Com a autoridade de ser um dos maiores especialistas no tema e ter sido o relator de uma das comissões da reforma tributária na Câmara dos Deputados, Luiz Carlos Hauly é pertinente: “Estou convencido de que mais de 50% da responsabilidade pelo atraso da nossa economia é do nosso sistema tributário anárquico e caótico, que mata as empresas e os empregos, concentra a riqueza e pune os mais pobres – os que ganham até dois salários mínimos pagam 53,9% de carga tributária, enquanto quem ganha acima de 30 salários mínimos paga 29%”.
O objetivo primeiro de uma reforma tributária deve ser desonerar parte dos encargos sobre salários e sobre o consumo de bens e serviços essenciais – e, por conta deste e de outros fatores, isso só é viável em conjunto com a reforma administrativa. O Brasil tem quase 50% de sua arrecadação proveniente do consumo, ao passo que nos países da OCDE a média é de 32%. Não há equidade e, por consequência, a base da pirâmide social paga proporcionalmente mais. É um repto necessário, pois nossa estrutura tributária é irracional, cara e antes de tudo injusta. Por exemplo, há décadas que não se corrige adequadamente a tabela do Imposto de Renda – um confisco forçado que atingiu este ano 103% de defasagem, de acordo com o Sindifisco. Ou seja, se fosse aplicada a inflação, estariam isentos os contribuintes que ganham até R$ 3.881 mensais, embora hoje os tentáculos da Receita Federal alcancem o contribuinte que aufere uma renda mensal de R$ 1.903,98, sendo os maiores prejudicados os assalariados da classe média-baixa.
Nas nações em que se executa uma boa política de bem-estar social – como é o caso dos nórdicos –, a tributação é também elevada, algo próximo de 50%, mas nestes países o cidadão é amparado pelo Estado, que proporciona a todos uma vida digna do berço até a sepultura – de mamando a caducando para fazer galhofa.
No entanto, ante um fisco voraz e com má aplicação dos recursos, como no Brasil, as pessoas e empresas não apenas se conformam.

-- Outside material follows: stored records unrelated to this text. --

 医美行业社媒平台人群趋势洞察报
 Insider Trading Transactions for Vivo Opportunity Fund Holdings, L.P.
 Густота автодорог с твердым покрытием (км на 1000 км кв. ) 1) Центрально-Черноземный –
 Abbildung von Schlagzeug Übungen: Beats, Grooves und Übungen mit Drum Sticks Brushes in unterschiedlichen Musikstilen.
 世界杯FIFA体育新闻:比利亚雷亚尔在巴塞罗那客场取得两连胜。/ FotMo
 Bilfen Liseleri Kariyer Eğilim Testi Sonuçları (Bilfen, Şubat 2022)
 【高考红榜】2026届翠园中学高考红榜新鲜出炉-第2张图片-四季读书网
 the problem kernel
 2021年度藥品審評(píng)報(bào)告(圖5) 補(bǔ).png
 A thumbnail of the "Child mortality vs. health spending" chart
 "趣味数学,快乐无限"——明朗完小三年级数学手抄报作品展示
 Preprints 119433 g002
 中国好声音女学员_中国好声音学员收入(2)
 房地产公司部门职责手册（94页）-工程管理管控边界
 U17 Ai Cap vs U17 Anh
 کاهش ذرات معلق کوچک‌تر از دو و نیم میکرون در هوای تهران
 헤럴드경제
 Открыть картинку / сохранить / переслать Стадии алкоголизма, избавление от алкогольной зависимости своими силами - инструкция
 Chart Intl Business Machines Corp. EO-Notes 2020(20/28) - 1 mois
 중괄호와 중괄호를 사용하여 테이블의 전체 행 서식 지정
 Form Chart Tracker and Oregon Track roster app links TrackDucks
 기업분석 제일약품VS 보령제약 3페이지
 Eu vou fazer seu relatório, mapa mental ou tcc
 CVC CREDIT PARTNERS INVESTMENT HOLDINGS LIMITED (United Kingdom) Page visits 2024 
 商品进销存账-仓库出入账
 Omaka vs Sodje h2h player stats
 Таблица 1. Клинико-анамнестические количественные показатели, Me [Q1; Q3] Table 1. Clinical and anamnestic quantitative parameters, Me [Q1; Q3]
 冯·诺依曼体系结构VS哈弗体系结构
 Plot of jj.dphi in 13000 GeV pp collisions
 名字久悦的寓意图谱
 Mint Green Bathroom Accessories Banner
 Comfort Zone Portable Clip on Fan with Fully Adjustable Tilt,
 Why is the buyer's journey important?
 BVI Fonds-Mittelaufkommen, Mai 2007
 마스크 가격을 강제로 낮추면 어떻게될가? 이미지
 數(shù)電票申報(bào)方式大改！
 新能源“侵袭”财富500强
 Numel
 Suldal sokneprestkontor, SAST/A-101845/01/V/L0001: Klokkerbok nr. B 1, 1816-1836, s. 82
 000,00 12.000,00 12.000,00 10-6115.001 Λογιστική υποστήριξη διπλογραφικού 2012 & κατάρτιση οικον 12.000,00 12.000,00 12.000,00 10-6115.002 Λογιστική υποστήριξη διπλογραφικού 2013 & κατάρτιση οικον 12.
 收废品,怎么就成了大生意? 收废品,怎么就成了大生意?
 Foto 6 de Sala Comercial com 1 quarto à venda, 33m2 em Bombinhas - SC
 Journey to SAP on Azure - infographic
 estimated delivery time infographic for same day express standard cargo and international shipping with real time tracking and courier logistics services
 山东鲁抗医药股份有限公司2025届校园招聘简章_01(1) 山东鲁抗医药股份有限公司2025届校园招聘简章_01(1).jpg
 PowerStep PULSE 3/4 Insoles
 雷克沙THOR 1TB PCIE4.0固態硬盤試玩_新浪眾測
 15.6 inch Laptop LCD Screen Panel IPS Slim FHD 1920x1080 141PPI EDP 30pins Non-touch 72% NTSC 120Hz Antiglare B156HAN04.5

Elas também se vingam, com mais sonegação, elisão, pirataria, informalidade, corrupção, contrabando e calote. Condenável, sim, mas esta é a natureza humana. A história ensina que tributos exacerbados e baixo retorno social formam uma mistura explosiva, pois não apenas comprometem o setor produtivo, mas também promovem o esgarçamento do tecido moral e ético.
Jacir J. Venturi foi professor da UFPR, da PUCPR e da Universidade Positivo, e é ex-vice-presidente da Associação Comercial do Paraná.